START INFORMATION
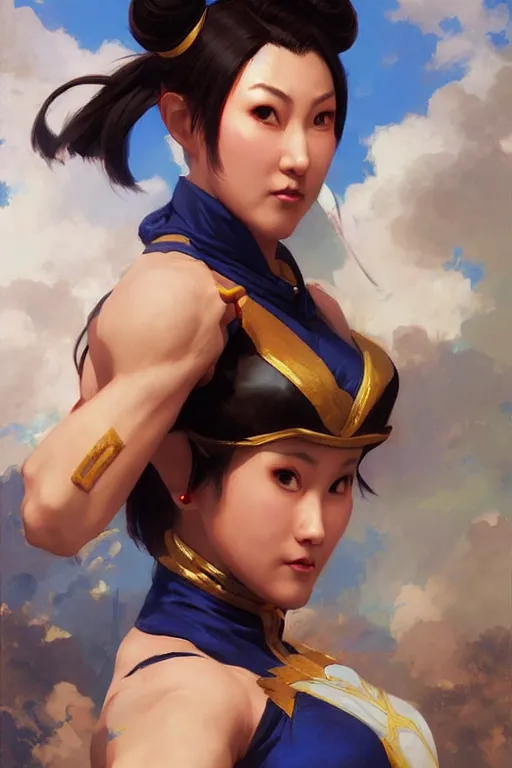 Prompt: portrait of Chun Li, Street fighter, highly detailed, digital art from artstation by Ruan Jia and Mandy Jurgens and Artgerm and william-adolphe bouguereau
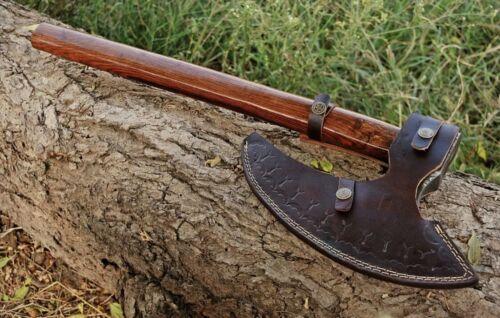 Custom Handmade Forged Damascus Steel Tomahawk Hatchet Axe Integral with Leather Sheath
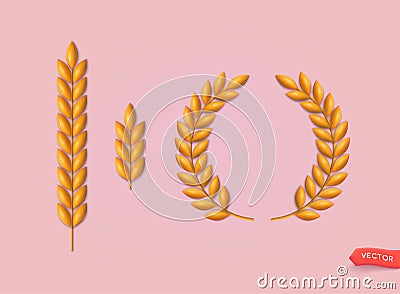 3d Wheat wreaths and grain spikes set icons. 3D Web Vector Illustrations Vector Illustration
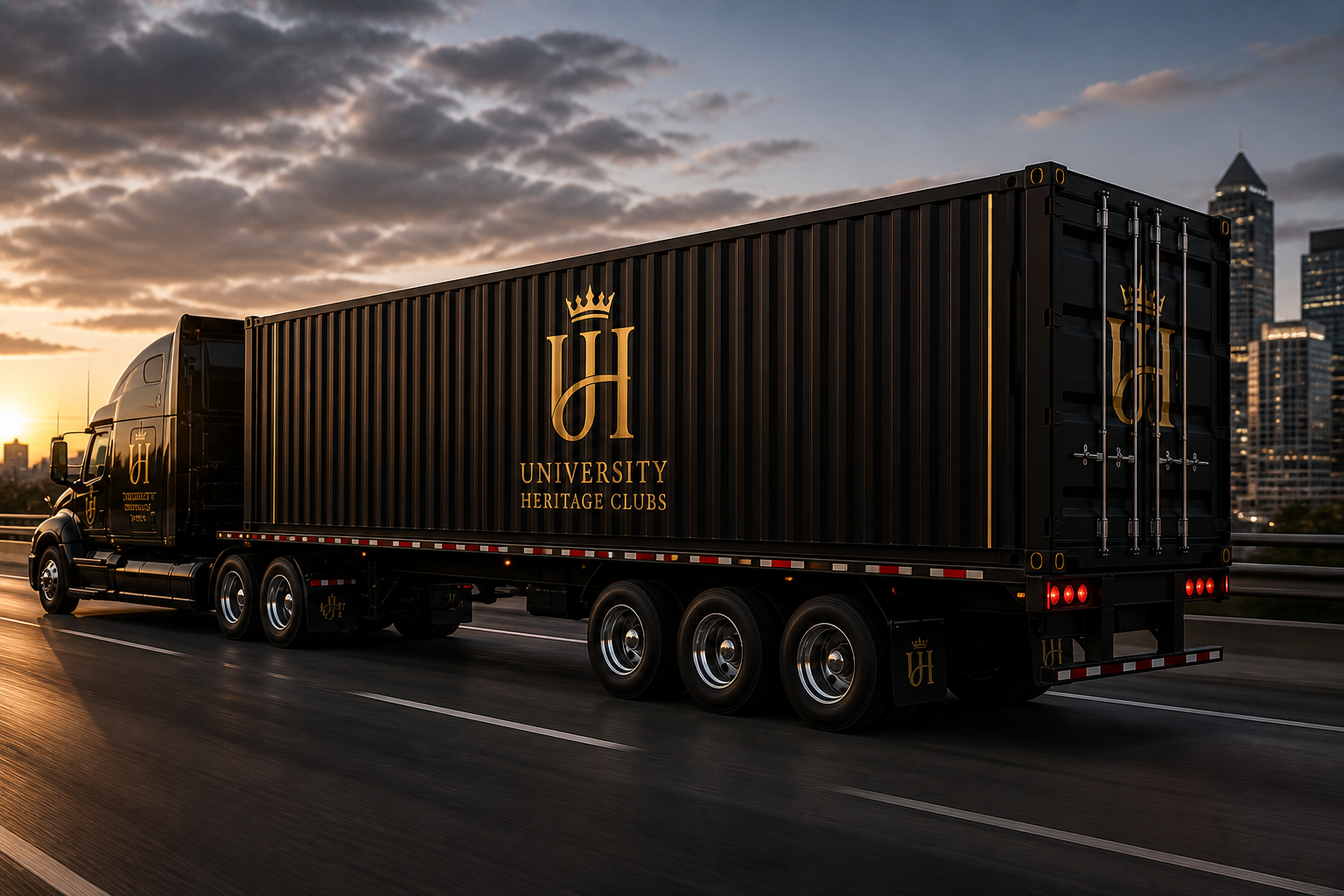 Luxury black and gold University Heritage Clubs mobile activation trailer with lounge interior
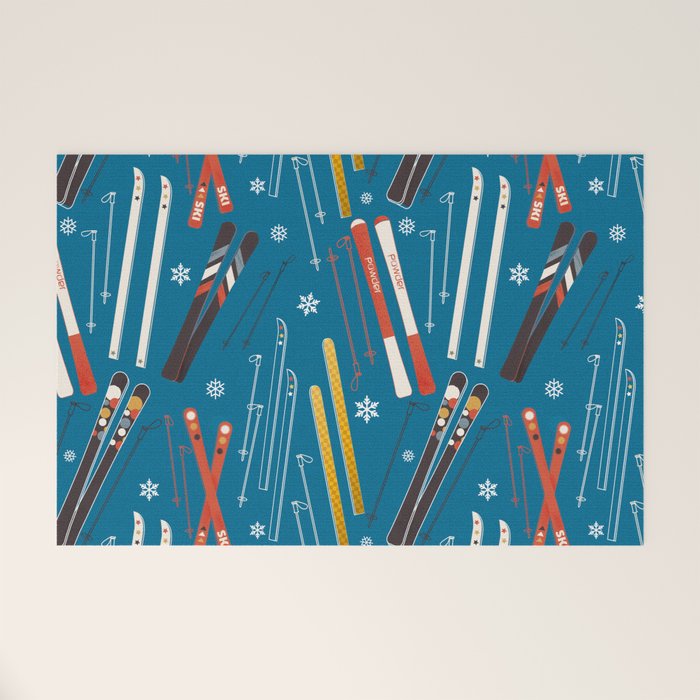 Nostalgic Winter Ski Scene Retro Holiday Pattern Welcome Mat Gallery Image 1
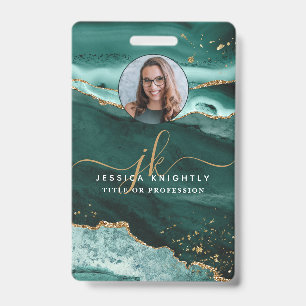 Turquoise Agate Gold Glitter Script Monogram Photo Badge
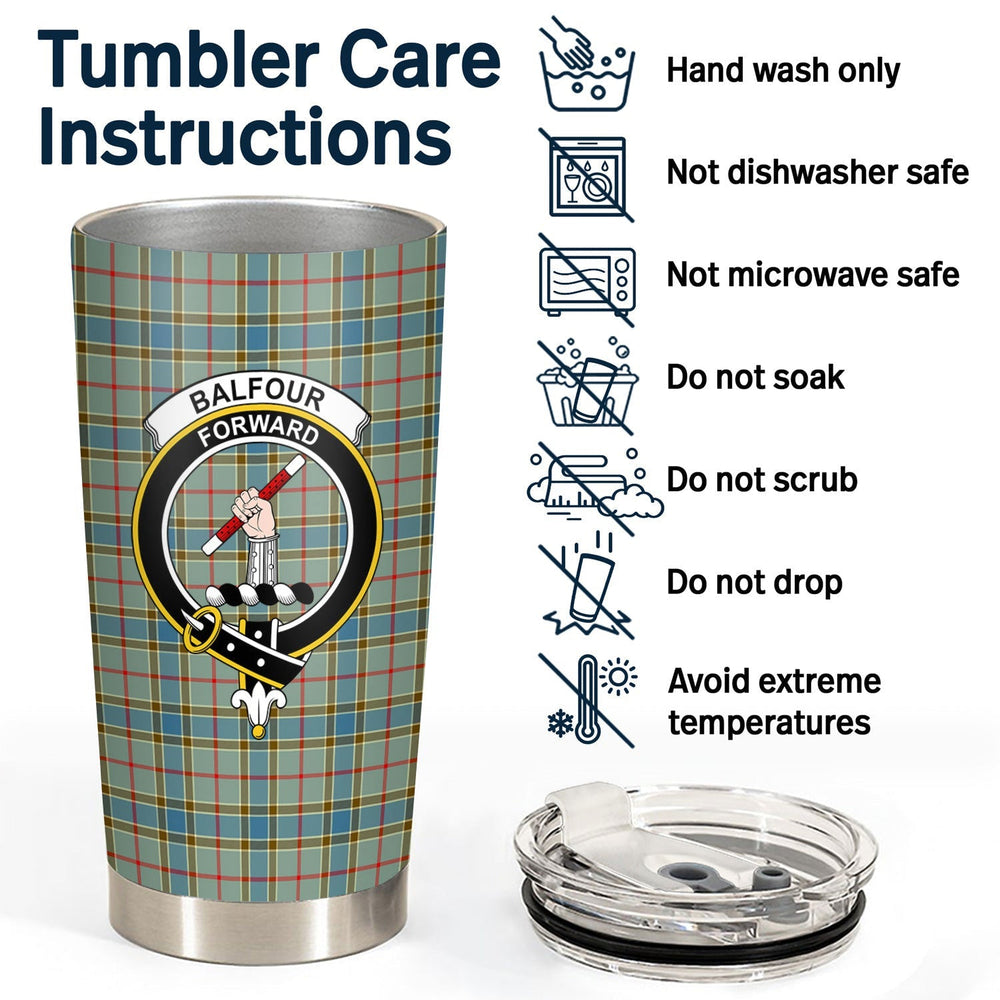 Clan Balfour Modern Tartan Crest Tumbler IR97 Clan Balfour Tartan Today   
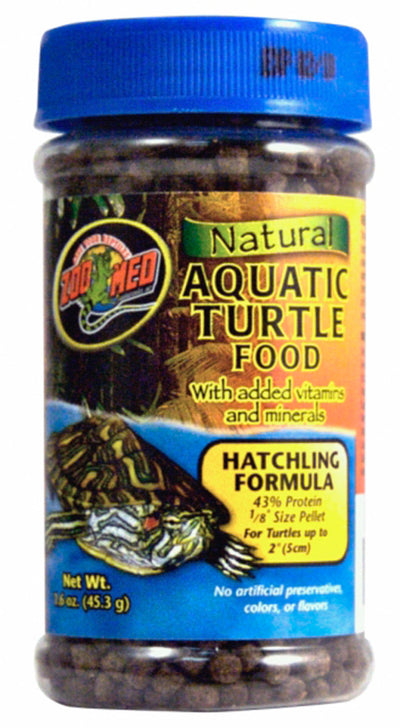 Zoo Med Aquatic Turtle Hatchling Food in a clear jar with a blue lid, showing a turtle on the label.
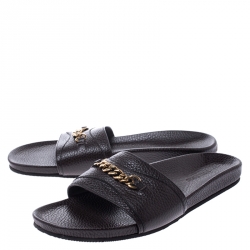 Tom Ford Brown Textured Leather Churchill Chain Slides Size 41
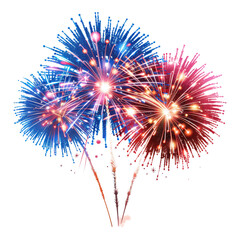 Fireworks burst in the night sky for celebrations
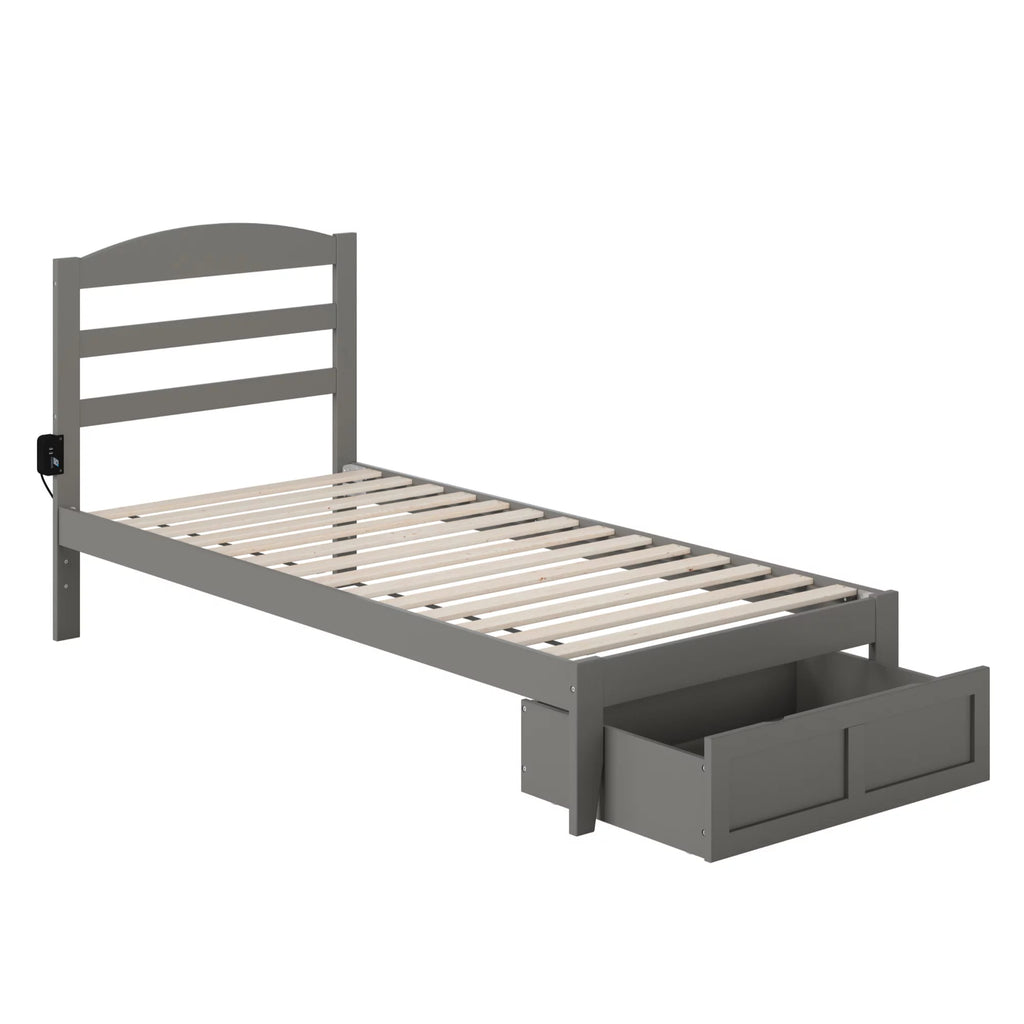 Solid Wood Traditional Twin Bed with Drawer in Gray U108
END INFORMATION
■ ASSIGNMENT ■
The expected output is the full material above, unaltered, with pictures removed.

■ WRITTEN REPLY ■
 Prompt: portrait of Chun Li, Street fighter, highly detailed, digital art from artstation by Ruan Jia and Mandy Jurgens and Artgerm and william-adolphe bouguereau
 Custom Handmade Forged Damascus Steel Tomahawk Hatchet Axe Integral with Leather Sheath
 3d Wheat wreaths and grain spikes set icons. 3D Web Vector Illustrations Vector Illustration
 Luxury black and gold University Heritage Clubs mobile activation trailer with lounge interior
 Nostalgic Winter Ski Scene Retro Holiday Pattern Welcome Mat Gallery Image 1
 Turquoise Agate Gold Glitter Script Monogram Photo Badge
 Clan Balfour Modern Tartan Crest Tumbler IR97 Clan Balfour Tartan Today   
 Zoo Med Aquatic Turtle Hatchling Food in a clear jar with a blue lid, showing a turtle on the label.
 Tom Ford Brown Textured Leather Churchill Chain Slides Size 41
 Fireworks burst in the night sky for celebrations
 Solid Wood Traditional Twin Bed with Drawer in Gray U108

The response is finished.